> Your goal
Every line from the first one in the data below through the line holding "Исследования мочи Подготовка: В" is to be written out exactly, with the pictures omitted.

=-=-=-=-=

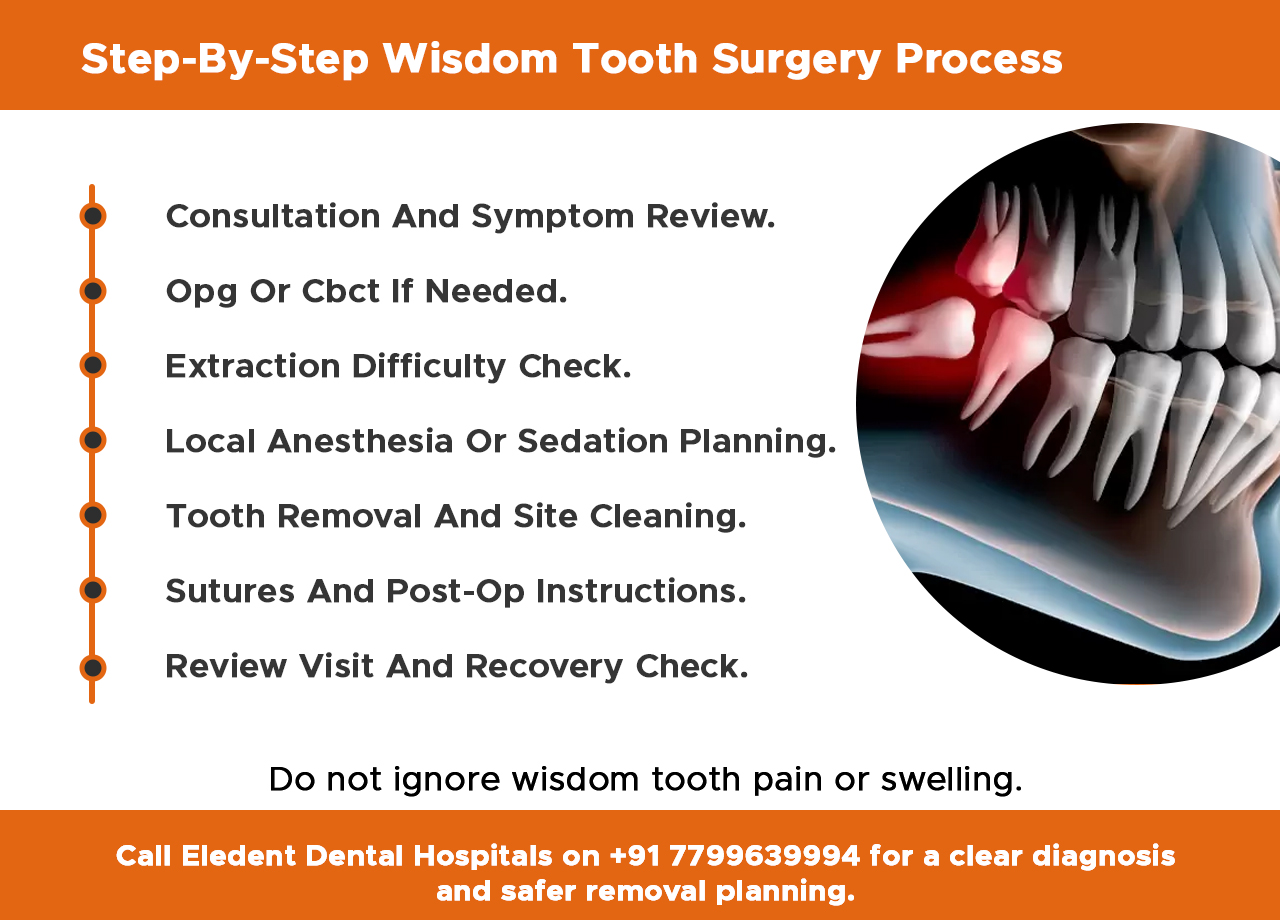 step-by-step-wisdom-tooth-surgery-process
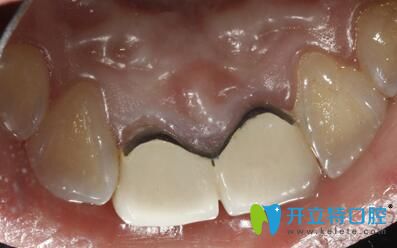 原烤瓷牙舌側(cè)觀 原烤瓷牙舌側(cè)觀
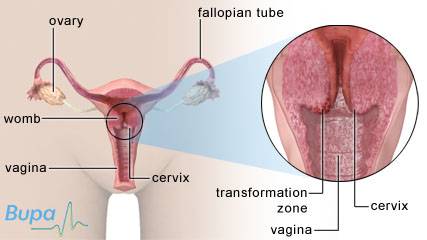 svans kvinna livmoderhals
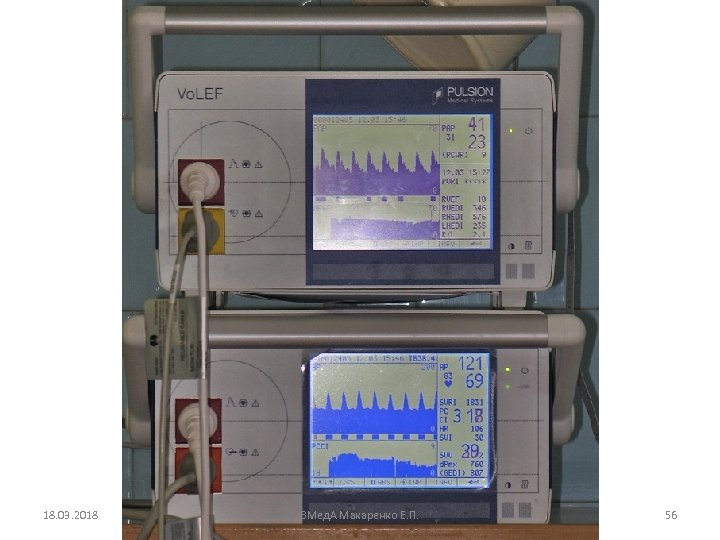 18. 03. 2018 ВМед. А Макаренко Е. П. 56 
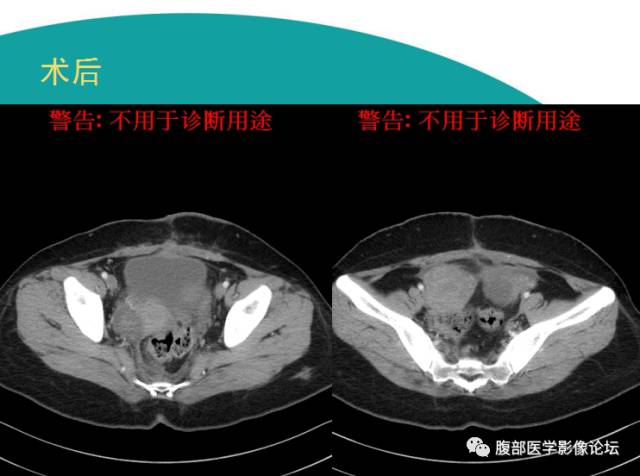 【病例】直肠副神经节细胞瘤1例CT及MR 【病例】直肠副神经节细胞瘤1例CT及MR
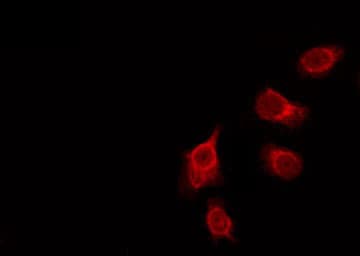 Anopheles gambiae GPROPDR Antibody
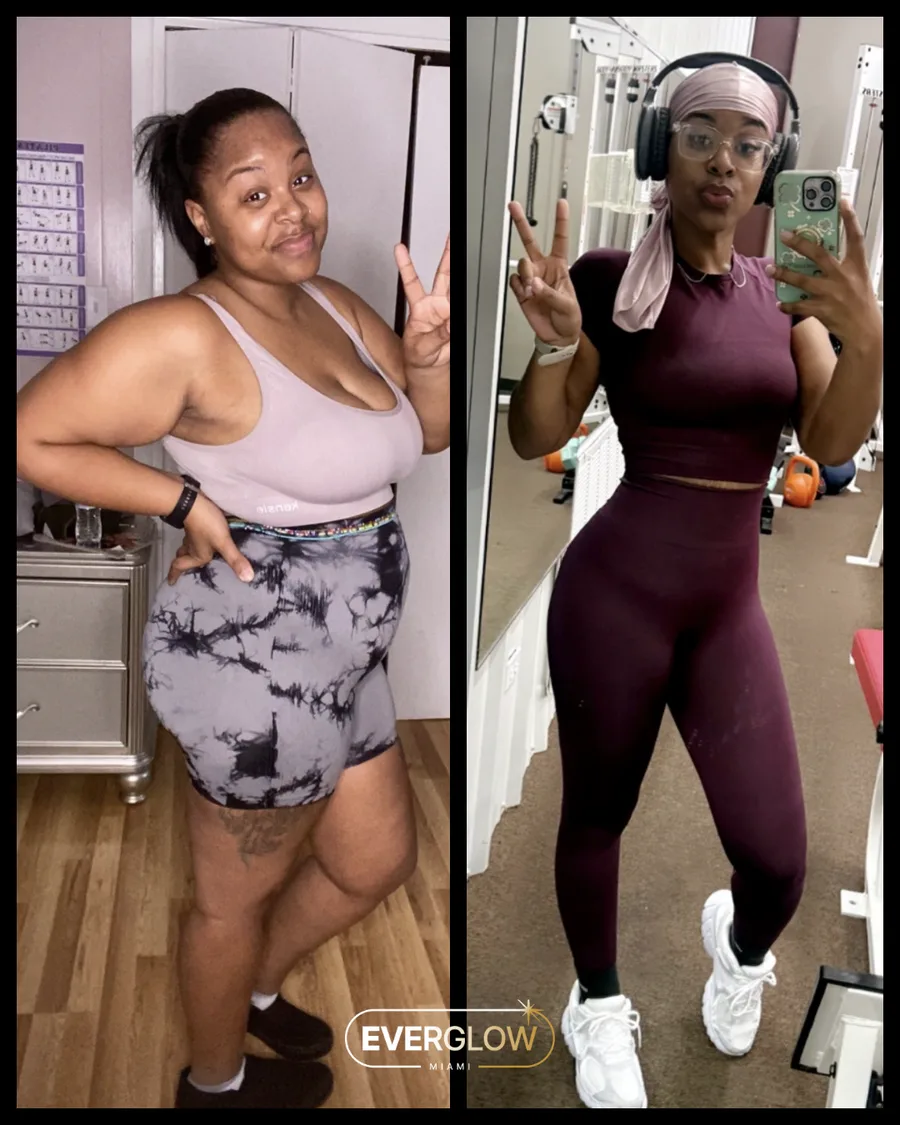 Everglow Miami patient before and after weight loss transformation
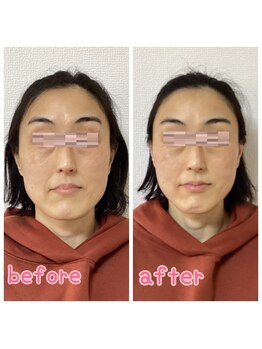 小顔整体 優/エラはりが気になる方も☆
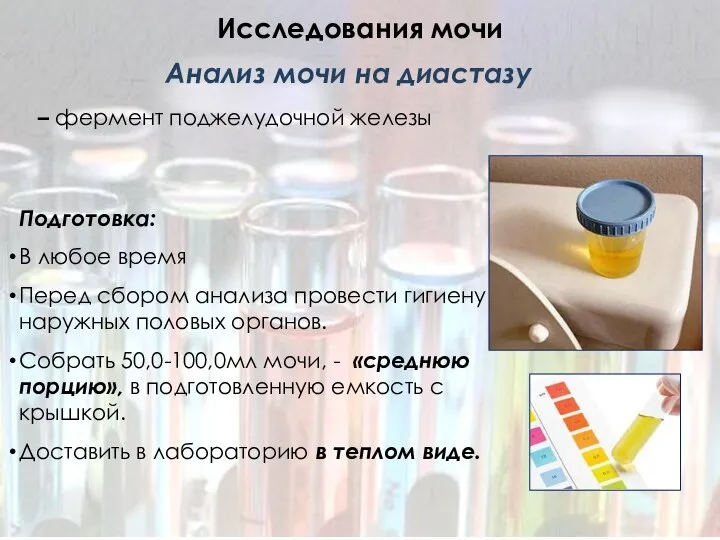 Исследования мочи Подготовка: В любое время Перед сбором анализа провести гигиену наружных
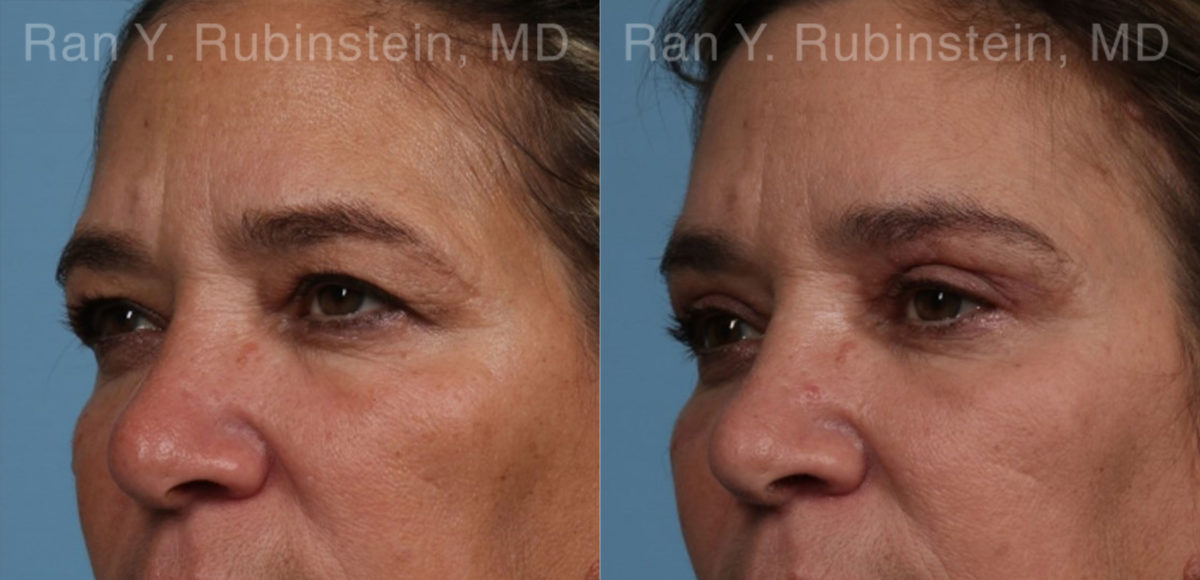 Brow Lift Before and After Photos in Montvale, NJ, Patient 21163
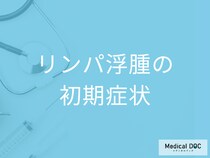 「リンパ浮腫」の初期症状はご存知ですか？ 特徴的な症状を医師が解説!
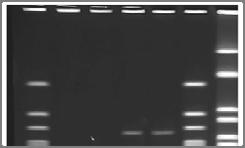 Figure 10.14 DNA fingerprints. 1 2 3 4 5 6 7 Figure 10.15 DNA-DNA hybridization. Organism A DNA Organism B DNA 1 Heat to separate strands.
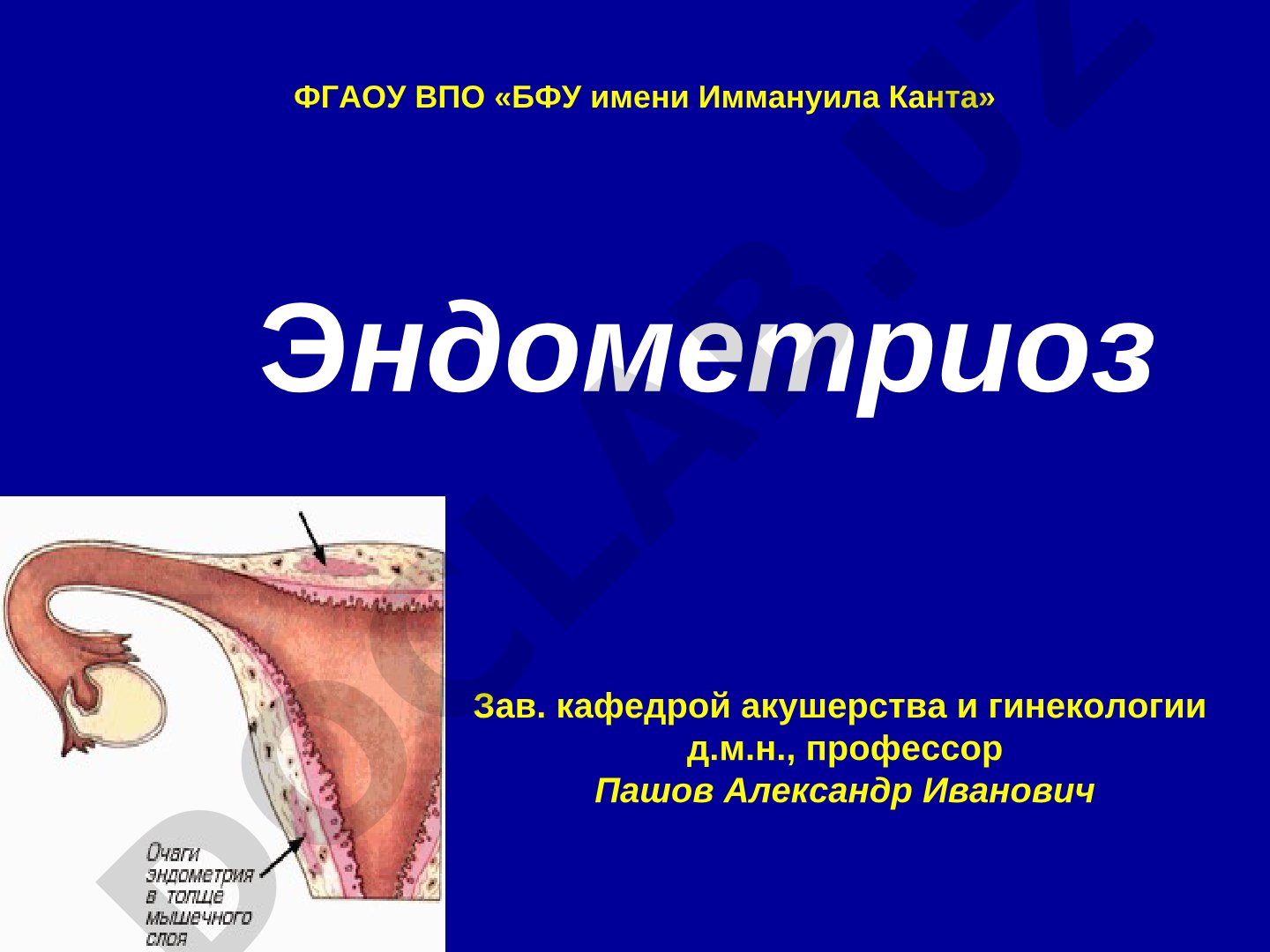 Лекция по эндометриозу: определение, патогенез, классификация, диагностика, лечение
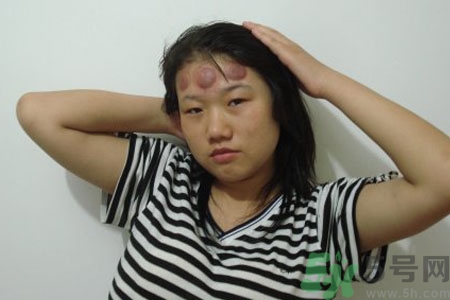 頭痛可以在額頭上拔火罐嗎？額頭上拔火罐有什么好處？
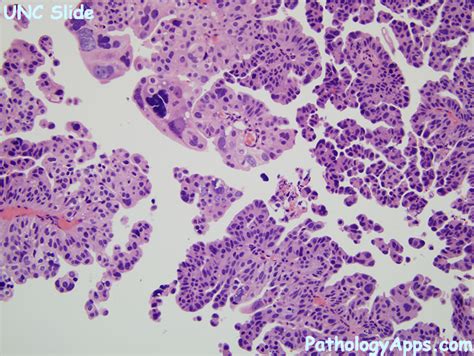 urothelial carcinoma pathology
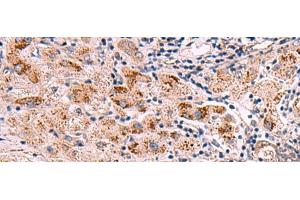 Immunohistochemistry of paraffin-embedded Human liver cancer tissue using INPP5B Polyclonal Antibody at dilution of 1:40(x200)
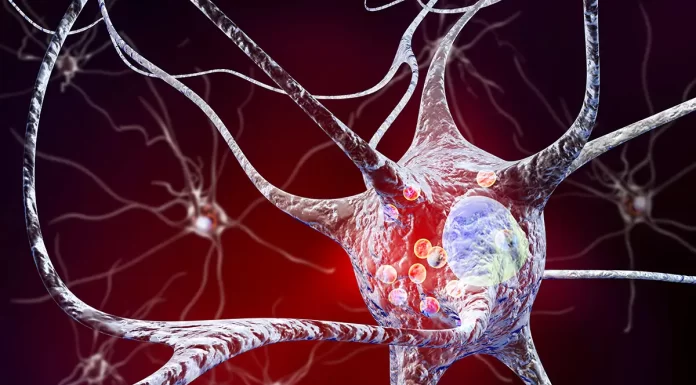 Detecting Parkinson’s Disease Early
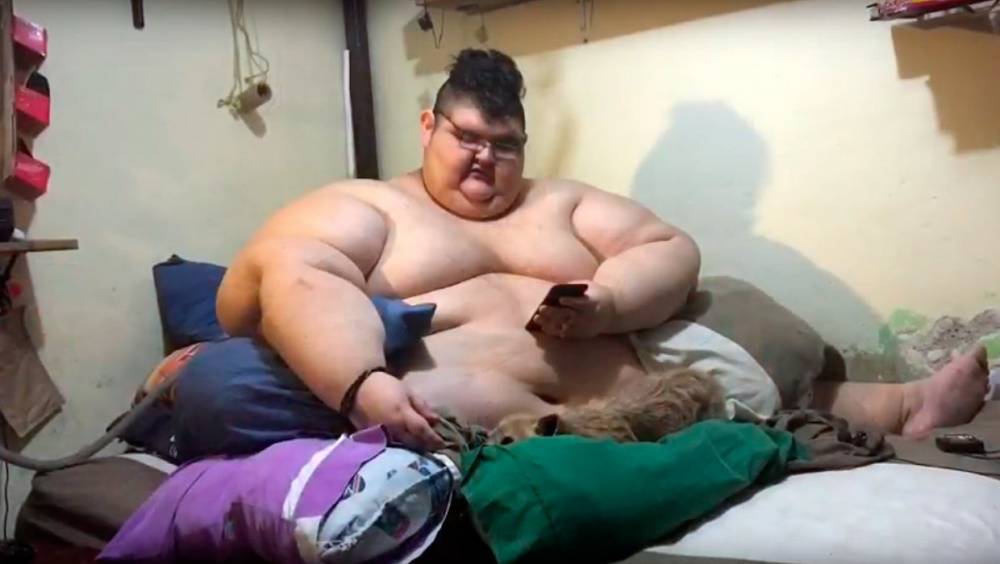 Самый толстый человек в мире похудел на 330 кг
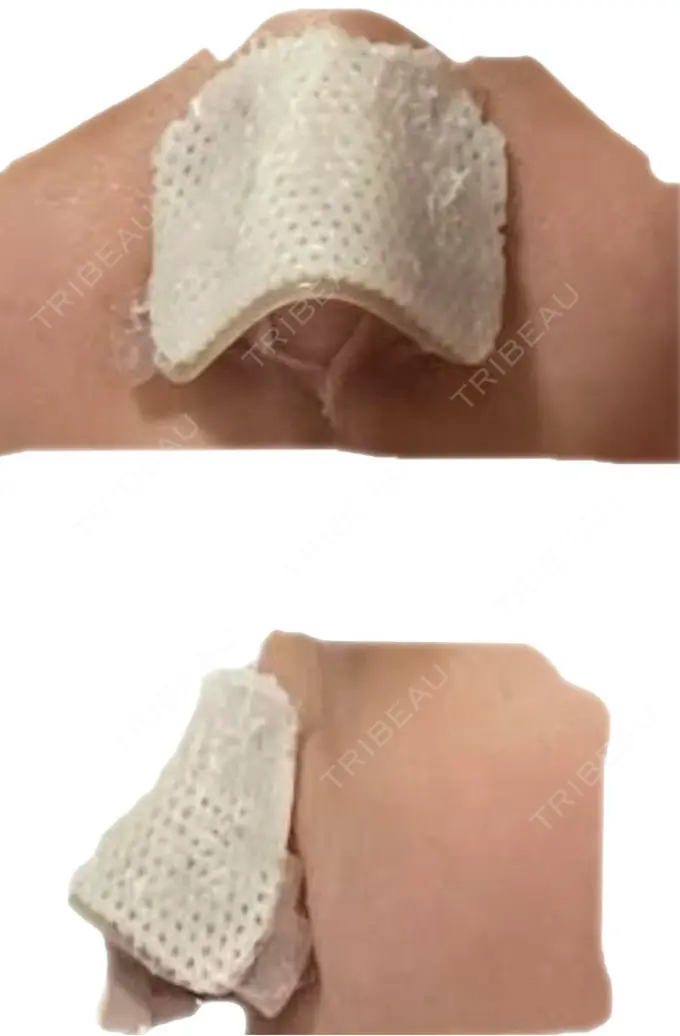 鼻中隔延長（切開） こいずみ形成クリニック名古屋 DAY 5 メイン用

=-=-=-=-=

> Response for this exercise
 step-by-step-wisdom-tooth-surgery-process
 原烤瓷牙舌側(cè)觀 原烤瓷牙舌側(cè)觀
 svans kvinna livmoderhals
 18. 03. 2018 ВМед. А Макаренко Е. П. 56 
 【病例】直肠副神经节细胞瘤1例CT及MR 【病例】直肠副神经节细胞瘤1例CT及MR
 Anopheles gambiae GPROPDR Antibody
 Everglow Miami patient before and after weight loss transformation
 小顔整体 優/エラはりが気になる方も☆
 Исследования мочи Подготовка: В любое время Перед сбором анализа провести гигиену наружных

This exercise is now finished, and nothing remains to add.